Looking at the broader 7-day range for continuity, the maritime/energy-security and shipping regulation storyline strengthens. Earlier coverage notes the IMO’s work on net-zero and emission controls, including an IMO MEPC 84 update that progressed technical and regulatory steps and adopted an emission control area affecting parts of the North-East Atlantic (including Greenland and Iceland). Separately, there’s a clear thread of defense cooperation in the North: reporting describes the UK-led “Northern Navies” concept and the inclusion of Nordic/Baltic states such as Iceland, framed around targeting Russia and using hybrid/AI-enabled capabilities.

Overall, the evidence in the most recent 12 hours is strongest for the CCP/Fenris + DeepMind AI partnership and related corporate restructuring, with additional emphasis on privacy tooling and press-freedom risk. Other topics—energy security, shipping regulation, and Arctic/North defense—appear more as ongoing background themes across the week rather than being newly triggered by a single, corroborated event in the last half-day.

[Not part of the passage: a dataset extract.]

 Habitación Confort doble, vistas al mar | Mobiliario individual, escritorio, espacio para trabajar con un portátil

Over the last 12 hours, the most policy- and security-relevant thread in the coverage is Europe’s move toward coordinated maritime deterrence. A report says the UK plans to lead a European “Northern Navies” force targeting Russia, built around the UK-led Joint Expeditionary Force (JEF) and explicitly described as a “paradigm shift” toward greater mass, survivability, and lethality—while also noting the bloc does not include the United States. In parallel, other items in the same window keep attention on Arctic-adjacent strategic issues, including discussion of critical minerals and the Arctic’s vulnerability to destabilisation from resource dynamics.

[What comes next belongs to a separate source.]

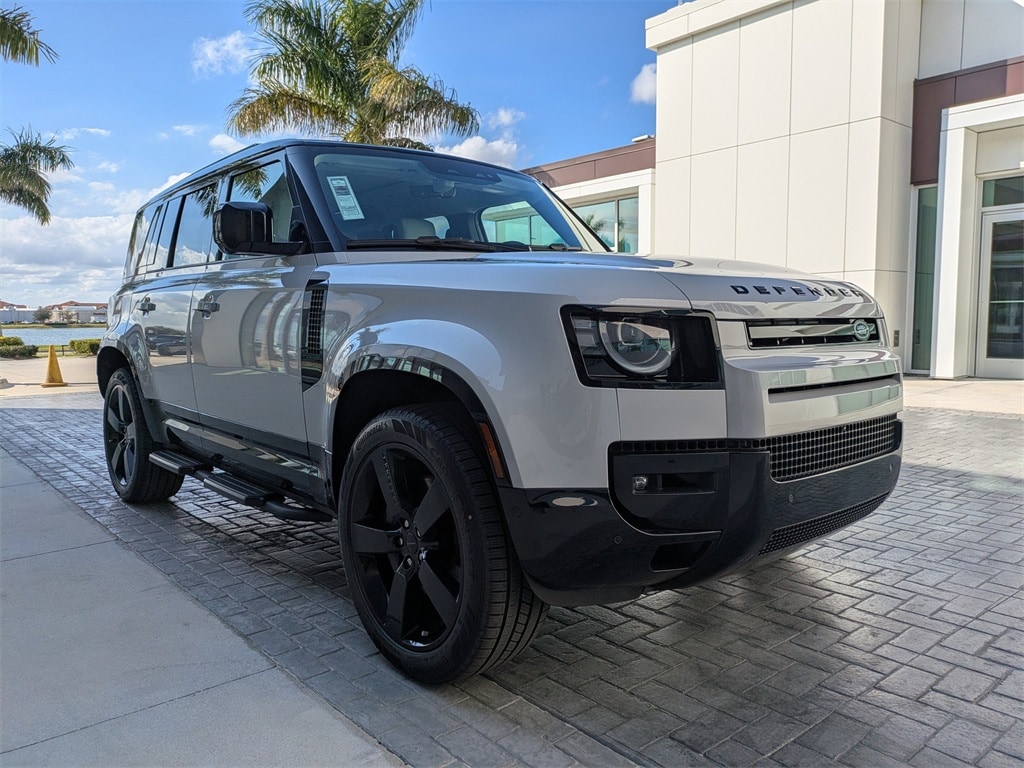 New 2026 Land Rover Defender 110 400PS X-Dynamic SE SUV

A second major cluster in the last 12 hours is “transition” infrastructure—both digital and environmental. On the digital side, there’s evidence of continued AI compute buildout momentum: an article describes AI-driven fishing optimization demand rising as fuel costs increase, and another details a major investment in Portugal to supply large numbers of Nvidia “Rubin” GPUs to Microsoft’s Start Campus (framed as private-capital-led infrastructure expansion). On the environmental side, shipping regulation remains prominent: coverage of IMO MEPC 84 reports progress on the Net Zero Framework and, importantly, adoption of amendments designating the North-East Atlantic as an Emission Control Area (ECA) covering Greenland, Iceland, the Faroe Islands, Ireland, the UK, France, Spain and Portugal, with timelines for entry into force and sulphur limits.

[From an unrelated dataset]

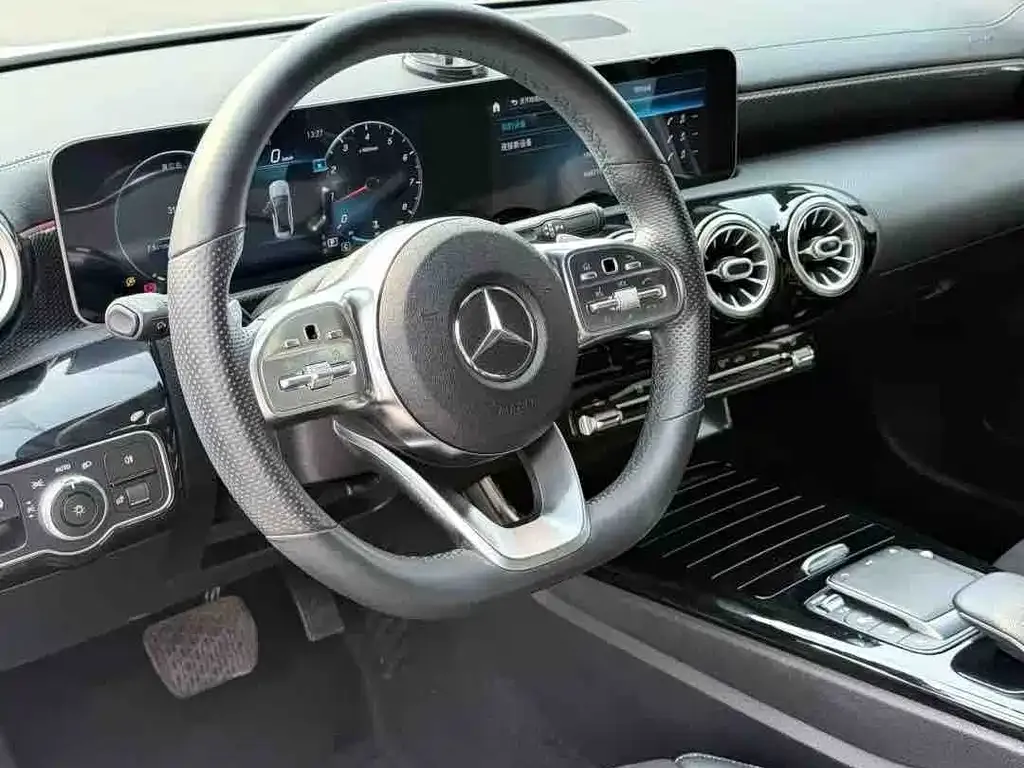 Mercedes-Benz A-Class — фото 3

Iceland-linked developments also appear across the most recent window, but they’re more “sectoral” than “breaking.” Icelandic fishery tech GreenFish is cited in connection with rising interest in AI-powered fishing optimization tools, and Iceland’s broader “use every part of the fish” approach is reinforced by coverage of the Iceland Ocean Cluster’s push toward 100% utilisation (with GreenFish mentioned as a resident). In culture and media, Rocket Science has boarded worldwide sales on Glassriver’s debut feature Dark Ocean, described as a claustrophobic North Atlantic trawler drama—while EVE Online’s Icelandic studio CCP Games is reported to have become independent and rebranded as Fenris Creations.

Outside the last 12 hours, the coverage provides continuity on regulation and sustainability themes rather than a single new headline event. Earlier reporting on IMO work includes the broader context of Net Zero Framework uncertainty and shipping emission controls, while other items reinforce the same “risk and resilience” framing—ranging from pesticide-residue monitoring across the EU (with Iceland included in sampling reporting) to energy-independence arguments that highlight Iceland’s renewable electricity mix. However, the evidence in the older material is more background than confirmation of a new, discrete development in the past week.